THE TASK:
Return only what runs from the line containing "Karesuando Kniven Beaver" through the last line of the entries below, exactly, omitting pictures.

Stored entries:
+ + + + +

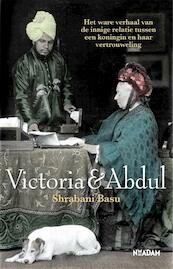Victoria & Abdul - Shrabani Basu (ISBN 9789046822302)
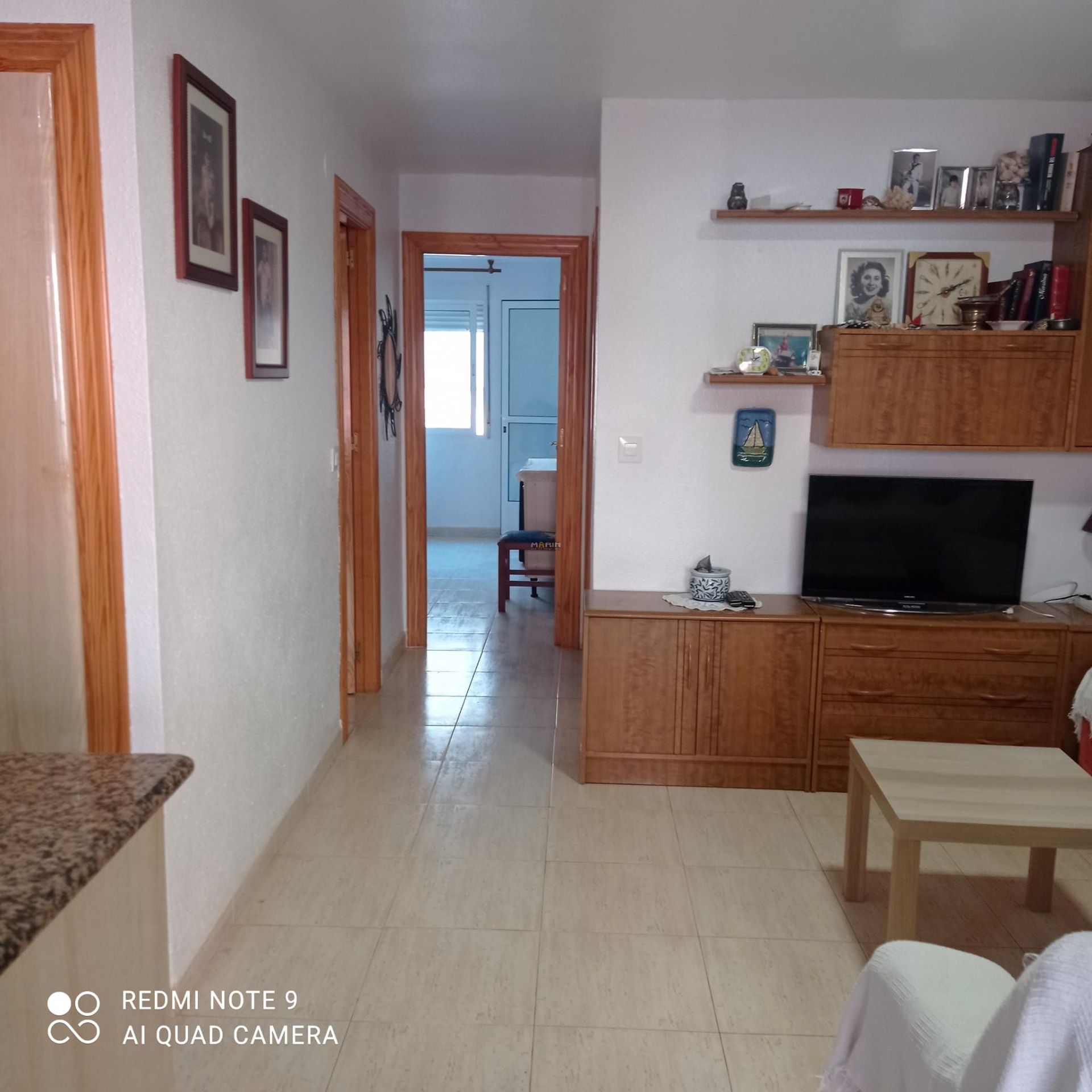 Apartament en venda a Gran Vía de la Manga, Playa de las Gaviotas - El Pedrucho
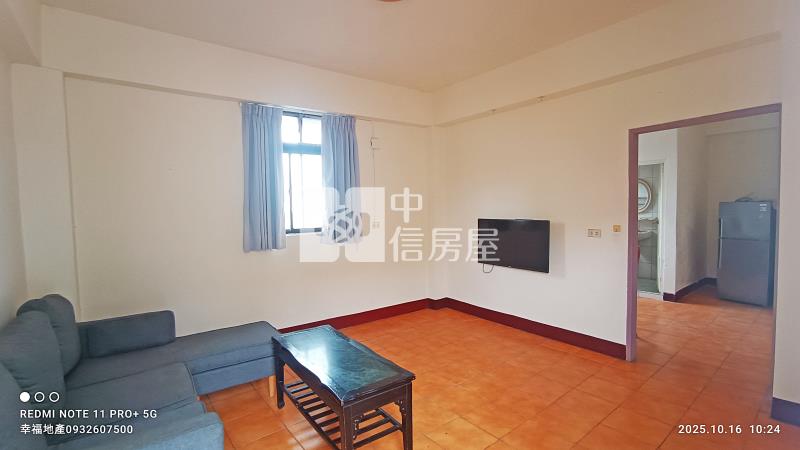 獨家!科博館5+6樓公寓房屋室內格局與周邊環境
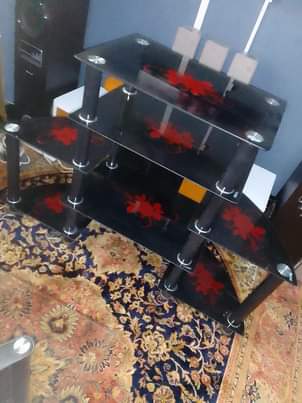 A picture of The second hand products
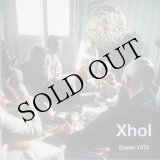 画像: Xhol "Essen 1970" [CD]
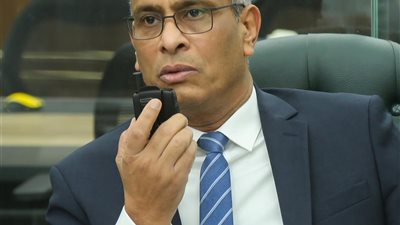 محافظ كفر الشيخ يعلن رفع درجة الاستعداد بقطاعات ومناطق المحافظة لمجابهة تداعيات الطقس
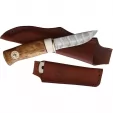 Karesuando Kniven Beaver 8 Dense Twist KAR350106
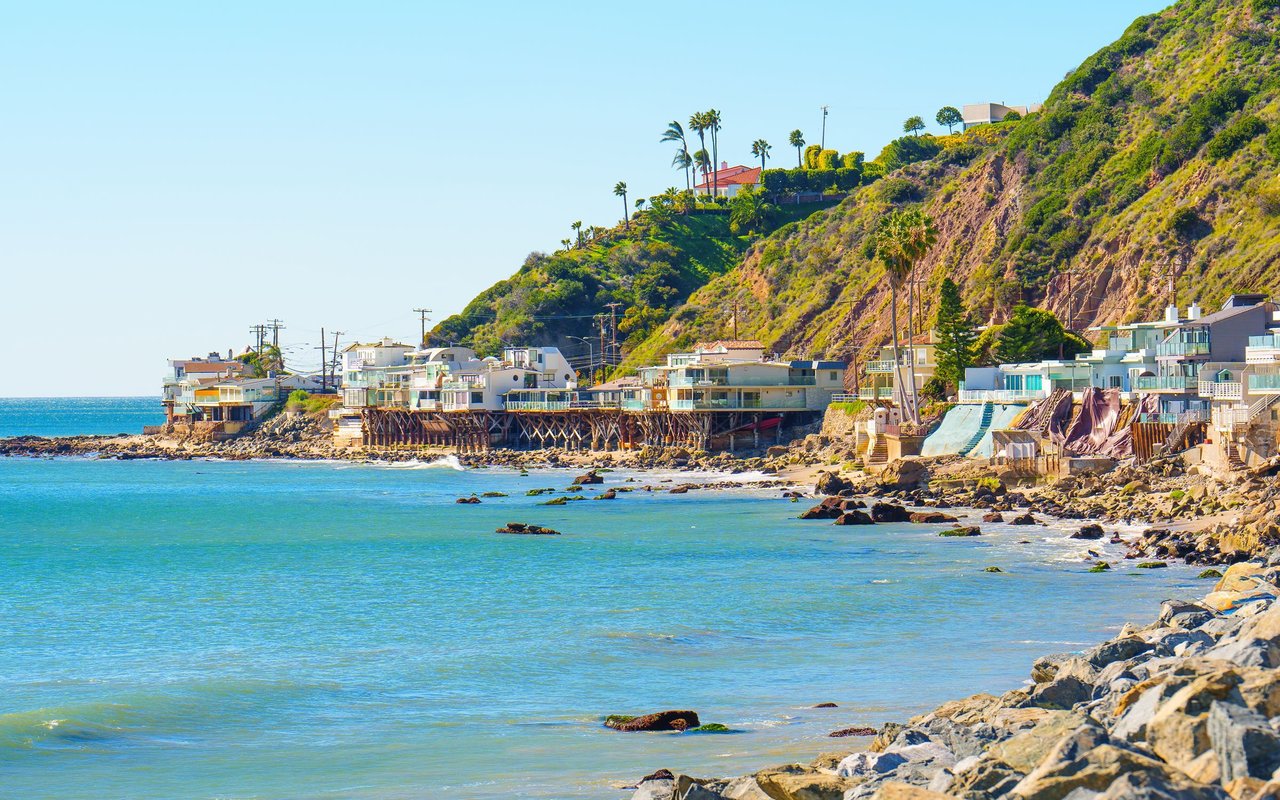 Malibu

+ + + + +

THE ANSWER:
 Karesuando Kniven Beaver 8 Dense Twist KAR350106
 Malibu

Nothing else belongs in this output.